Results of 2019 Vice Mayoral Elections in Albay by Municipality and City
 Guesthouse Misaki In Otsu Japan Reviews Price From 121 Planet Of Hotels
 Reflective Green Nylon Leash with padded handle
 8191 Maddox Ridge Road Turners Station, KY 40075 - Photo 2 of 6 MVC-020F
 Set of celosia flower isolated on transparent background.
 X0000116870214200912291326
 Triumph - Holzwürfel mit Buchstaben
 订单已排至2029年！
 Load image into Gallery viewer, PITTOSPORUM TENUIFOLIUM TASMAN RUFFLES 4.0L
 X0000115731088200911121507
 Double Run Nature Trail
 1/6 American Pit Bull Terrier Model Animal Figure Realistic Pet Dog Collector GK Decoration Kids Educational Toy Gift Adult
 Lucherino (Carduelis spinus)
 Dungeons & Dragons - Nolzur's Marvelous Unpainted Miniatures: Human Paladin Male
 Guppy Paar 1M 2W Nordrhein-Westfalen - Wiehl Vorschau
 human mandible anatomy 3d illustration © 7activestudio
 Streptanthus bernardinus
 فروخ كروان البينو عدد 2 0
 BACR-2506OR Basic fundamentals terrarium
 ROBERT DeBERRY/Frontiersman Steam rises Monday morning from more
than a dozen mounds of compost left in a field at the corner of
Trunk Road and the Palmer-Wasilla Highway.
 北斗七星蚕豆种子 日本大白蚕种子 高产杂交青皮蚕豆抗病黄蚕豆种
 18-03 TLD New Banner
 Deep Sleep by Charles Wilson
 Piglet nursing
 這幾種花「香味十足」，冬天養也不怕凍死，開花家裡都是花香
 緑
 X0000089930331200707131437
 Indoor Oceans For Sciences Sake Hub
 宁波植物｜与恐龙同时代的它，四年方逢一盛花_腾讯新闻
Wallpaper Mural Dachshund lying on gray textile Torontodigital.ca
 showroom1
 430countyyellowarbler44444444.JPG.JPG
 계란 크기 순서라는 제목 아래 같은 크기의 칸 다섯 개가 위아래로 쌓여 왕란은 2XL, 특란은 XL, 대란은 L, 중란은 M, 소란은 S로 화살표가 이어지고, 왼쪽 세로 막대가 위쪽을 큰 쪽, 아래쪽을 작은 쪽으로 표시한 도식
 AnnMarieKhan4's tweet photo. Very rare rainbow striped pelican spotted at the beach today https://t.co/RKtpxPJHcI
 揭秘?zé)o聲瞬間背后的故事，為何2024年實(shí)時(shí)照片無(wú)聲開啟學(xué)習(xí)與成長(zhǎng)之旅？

What you will do ::
Extract all lines from the data in which "Road" is found.

Task result ::
 8191 Maddox Ridge Road Turners Station, KY 40075 - Photo 2 of 6 MVC-020F
Trunk Road and the Palmer-Wasilla Highway.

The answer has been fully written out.